From: Kevin Brown on
I have a trial version of the Paralell Computing toolbox that I'm testing out. I'm using the parfor command to process some loops in parallel. The computation within each loop is relatively small (3 seconds or so), so I'm not getting the speed-up from 8 workers (one per core) that I had hoped for - in one instance, it's only 3x faster and in another, it's only 20% faster.

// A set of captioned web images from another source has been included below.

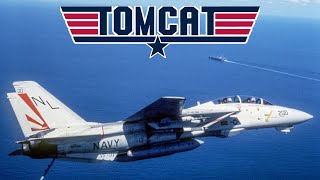 The F14 Tomcat The Ultimate Fleet Defender and the Grummans Ultimate Cat [upl. by Dewitt347]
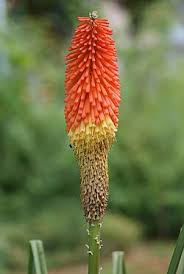 Image result for Kniphofia grantii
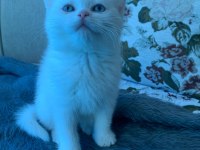 55 günlük erkek yavrulara british longhair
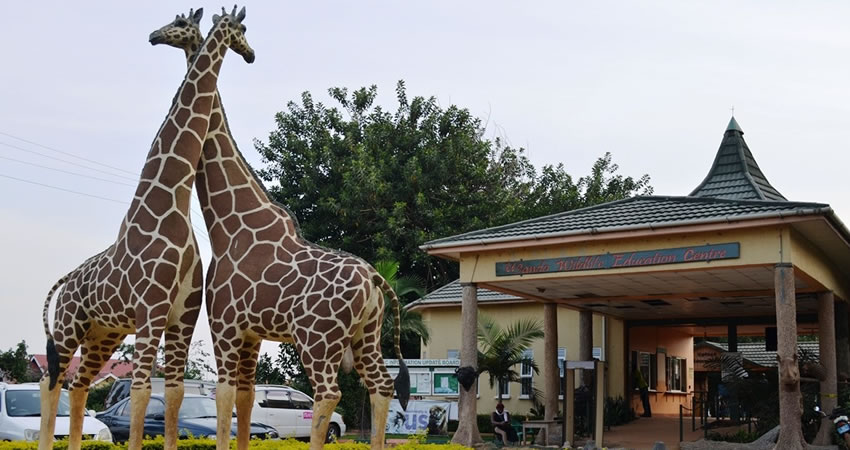 Uganda Wildlife Education center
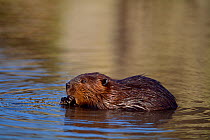 European Beaver (Castor fiber) feeding on willow, captive, Holland, October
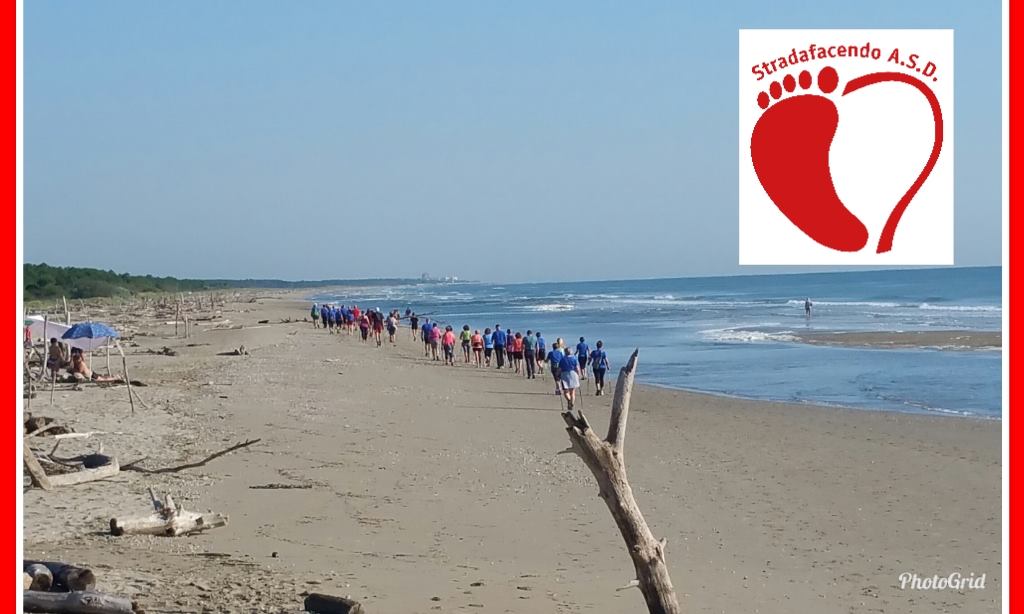 Al momento stai visualizzando 9 settembre 2018 – Risveglio muscolare e Nordic Walking all’alba a Lido di Classe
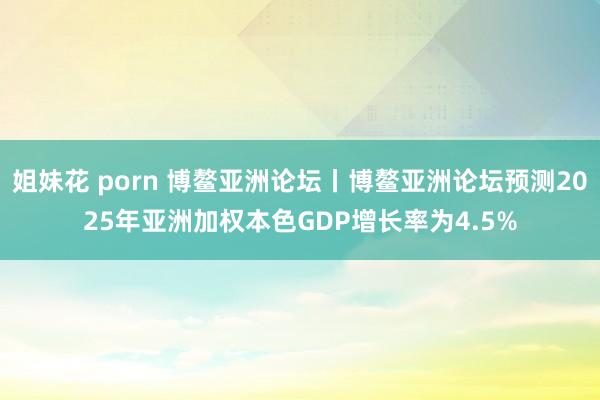 姐妹花 porn 博鳌亚洲论坛丨博鳌亚洲论坛预测2025年亚洲加权本色GDP增长率为4.5%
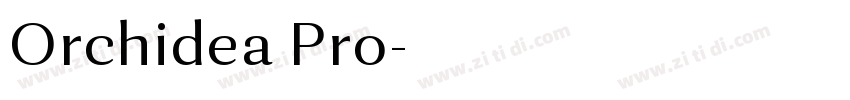 Orchidea Pro字体转换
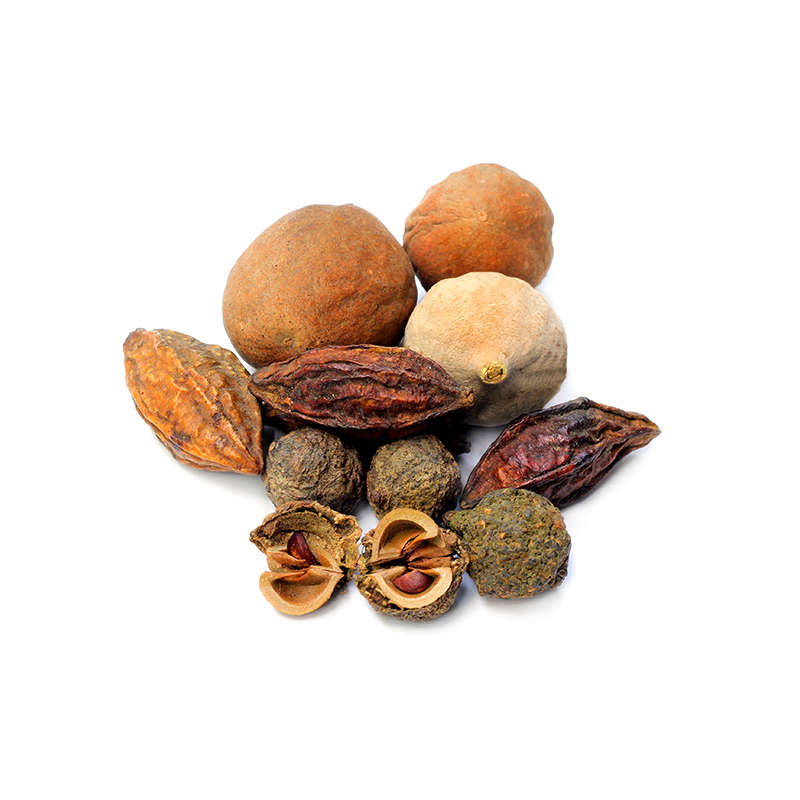 Triphala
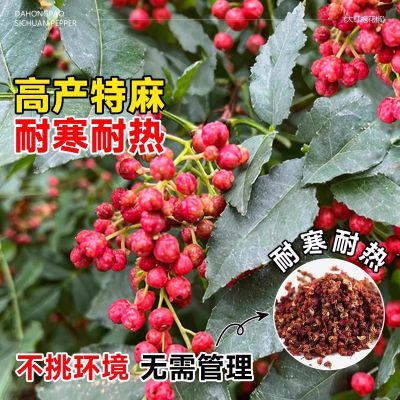 花椒苗树食用九叶青藤椒树苗大红袍南北方种植地栽果树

I understand that the overhead from initializing and creating memory for the workers is probably eating into the performance gain. Is there some way to examine where that time is spent, so that I can optimize my code better? Like the profiler, but for parallel jobs? For example, if I knew that it was the memory transfer that was eating up the time, I could try to design for less memory transfer required.

Thanks in advance,
- Kevin
From: Edric M Ellis on
"Kevin Brown" <kevin.m.brown(a)philips.com> writes:

> I have a trial version of the Paralell Computing toolbox that I'm testing out.
> I'm using the parfor command to process some loops in parallel. The computation
> within each loop is relatively small (3 seconds or so), so I'm not getting the
> speed-up from 8 workers (one per core) that I had hoped for - in one instance,
> it's only 3x faster and in another, it's only 20% faster.
>
> I understand that the overhead from initializing and creating memory for the
> workers is probably eating into the performance gain. Is there some way to
> examine where that time is spent, so that I can optimize my code better? Like
> the profiler, but for parallel jobs? For example, if I knew that it was the
> memory transfer that was eating up the time, I could try to design for less
> memory transfer required.
>
> Thanks in advance, - Kevin

Unfortunately we don't currently have a good solution for profiling data
transfers involved in PARFOR loops. You can track the time used on the
client by running the standard profiler with the "-timer real" option to
see how much time is taken in the PARFOR loops themselves.

Cheers,

Edric.